Stream traces directly to an observability backend during evaluation using --export-otel:

Terminal window
# Use a backend preset (braintrust, langfuse, confident)
agentv eval evals/my-eval.yaml --export-otel --otel-backend braintrust
# Include message content and tool I/O in spans (disabled by default for privacy)
agentv eval evals/my-eval.yaml --export-otel --otel-backend braintrust --otel-capture-content
# Group messages into turn spans for multi-turn evaluations
agentv eval evals/my-eval.yaml --export-otel --otel-backend braintrust --otel-group-turns

Set up your environment:

Terminal window
export BRAINTRUST_API_KEY=sk-...
export BRAINTRUST_PROJECT=my-project # associates traces with a Braintrust project

Run an eval with traces sent to Braintrust:

Terminal window
agentv eval evals/my-eval.yaml --export-otel --otel-backend braintrust --otel-capture-content

The following environment variables control project association (at least one is required):

VariableFormatExample
BRAINTRUST_PROJECTProject namemy-evals
BRAINTRUST_PROJECT_IDProject UUIDproj_abc123
BRAINTRUST_PARENTRaw x-bt-parent headerproject_name:my-evals

Each eval test case produces a trace with:

  • Root span (agentv.eval) — test ID, target, score, duration
  • LLM call spans (chat <model>) — model name, token usage (input/output/cached)
  • Tool call spans (execute_tool <name>) — tool name, arguments, results (with --otel-capture-content)
  • Turn spans (agentv.turn.N) — groups messages by conversation turn (with --otel-group-turns)
  • Evaluator events — per-grader scores attached to the root span
Terminal window
export LANGFUSE_PUBLIC_KEY=pk-...
export LANGFUSE_SECRET_KEY=sk-...
# Optional: export LANGFUSE_HOST=https://cloud.langfuse.com
agentv eval evals/my-eval.yaml --export-otel --otel-backend langfuse --otel-capture-content

For backends not covered by presets, configure via environment variables:

Terminal window
export OTEL_EXPORTER_OTLP_ENDPOINT=https://your-backend/v1/traces
export OTEL_EXPORTER_OTLP_HEADERS="Authorization=Bearer token"
agentv eval evals/my-eval.yaml --export-otel

Use workspace mode and finish policies instead of multiple conflicting booleans:

Terminal window
# Mode: pooled | temp | static
agentv eval evals/my-eval.yaml --workspace-mode pooled
# Static mode path
agentv eval evals/my-eval.yaml --workspace-mode static --workspace-path /path/to/workspace
# Pooled reset policy override: standard | full (CLI override)
agentv eval evals/my-eval.yaml --workspace-clean full
# Finish policy overrides: keep | cleanup (CLI)
agentv eval evals/my-eval.yaml --retain-on-success cleanup --retain-on-failure keep

Equivalent eval YAML:

workspace:
mode: pooled # pooled | temp | static
path: null # workspace path for mode=static; auto-materialised when empty/missing
hooks:
enabled: true # set false to skip all hooks
after_each:
reset: fast # none | fast | strict

Notes:

  • Pooling is default for shared workspaces with repos when mode is not specified.
  • mode: static (or --workspace-mode static) uses path / --workspace-path. When the path is empty or missing, the workspace is auto-materialised (template copied + repos cloned). Populated directories are reused as-is.
  • Static mode is incompatible with isolation: per_test.
  • hooks.enabled: false skips all lifecycle hooks (setup, teardown, reset).
  • Pool slots are managed separately (agentv workspace list|clean).
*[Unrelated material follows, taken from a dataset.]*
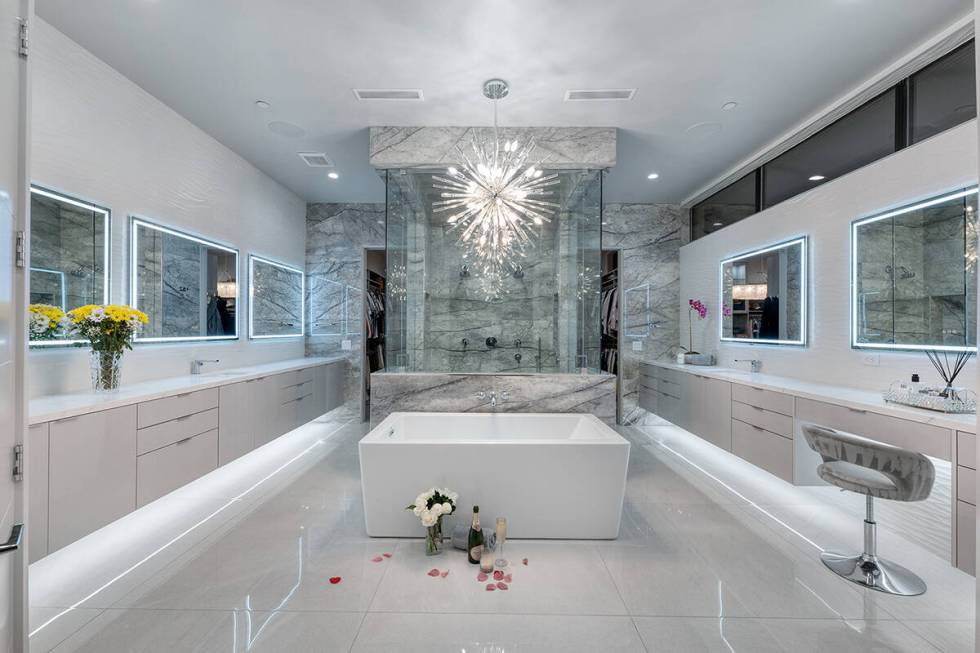 The master bath. (Douglas Elliman Las Vegas)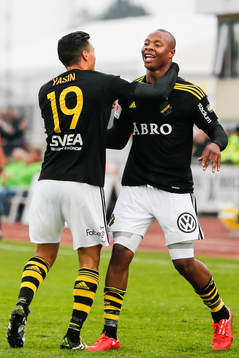 s Ahmed Yasin jublar med Carlos Strandberg som gjort 0-1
Re-run only the tests that had infrastructure/execution errors from a previous output:

Terminal window
agentv eval evals/my-eval.yaml --retry-errors .agentv/results/eval_previous.jsonl

This reads the previous JSONL, filters for executionStatus === 'execution_error', and re-runs only those test cases. Non-error results from the previous run are preserved and merged into the new output.

Control whether the eval run halts on execution errors using execution.fail_on_error in the eval YAML:

execution:
fail_on_error: false # never halt on errors (default)
# fail_on_error: true # halt on first execution error
ValueBehavior
trueHalt immediately on first execution error
falseContinue despite errors (default)

When halted, remaining tests are recorded with failureReasonCode: 'error_threshold_exceeded'. With concurrency > 1, a few additional tests may complete before halting takes effect.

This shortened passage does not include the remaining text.